I’m working on plotting a bar chart to compare the first ten rows and the last ten rows of a column (unemployment rate)
the dataframe name is recent_grads
My code is:
first = recent_grads[:10]["Unemployment_rate"]
last = recent_grads[-10:]["Unemployment_rate"]
df = pd.DataFrame(first, last)
df.plot.bar(x = first, y = last, legend = False)
What I expected to happen: I expected it to returned a bar chart
What actually happened: However, Python keeps telling that the last 10 values in the last variable is not in the index
KeyError: '[0.047584 0.04010498 0.10711573 0.07754113 0.08174221 0.04632028\n 0.06511219 0.1490482 0.05362065 0.10494572] not in index'
Please help I tried Google and StackOverflow but nothing made sense.
Look at what the examples are putting into their x and y inputs.
As a start, you have to care about the type, value, and sometimes id() (when learning copying/iterators/OOP) of every python variable you use.
KeyError happens when something is used to index another object, usually a collection of items stored in key-value structure. You don’t have to know what the collection is, as long as you can see what was being used as a key to index and why it is wrong. Here you see a list of numbers separated by spaces and \n in the error message. Does it look familiar? Try to guess what it is, where it comes from.

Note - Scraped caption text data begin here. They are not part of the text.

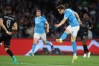 Napoli's Scott McTominay scores a goal during the Serie A soccer match between Napoli and Cremonese, Friday, April 24 , 2026, in Naples, Italy. (Alessandro Garofalo/LaPresse via AP)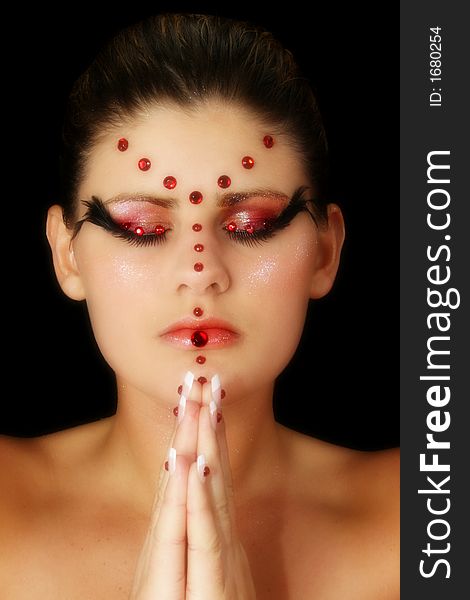 Beautiful young woman in artistic make-up and beads. Praying. Beautiful young woman in artistic make-up and beads. Praying.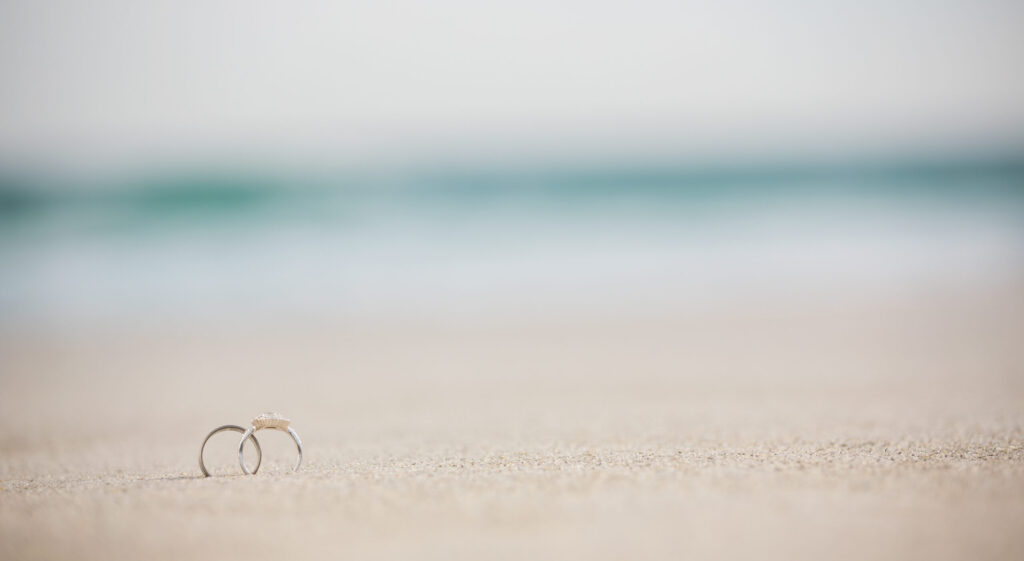 rings set in sand at destination wedding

Besides thinking about how the developers of Matplotlib may have implemented something, you can abstract away from the low level details and think about API design. Meaning what do the Matplotlib/Pandas developers intend for you to provide to make a function work?
(The function in this case being bar plotting).
Maybe the way you are thinking works, but are there other easier ways of API design that lighten the burden of users, so they have to provide less information/ type less? (this is the hint to answer to your question)
first and last are variables. "first" and "last" are strings. They represent different things. Pandas takes what you give and passes it to matplotlib, doing some checking along the way, this check generated the keyerror because it can’t find the column name you wanted in the dataframe you provided.
It’s hard in this case to google because every application can generate a different keyerror message depending on what wrong inputs were given, but when you have the chance to google a standardized error message,(like those designed by pandas developers using validate parameter during pd.merge) that can lead you to the place in the source code, and when you read the surrounding code and do some tracing, you can quickly learn what causes the error message.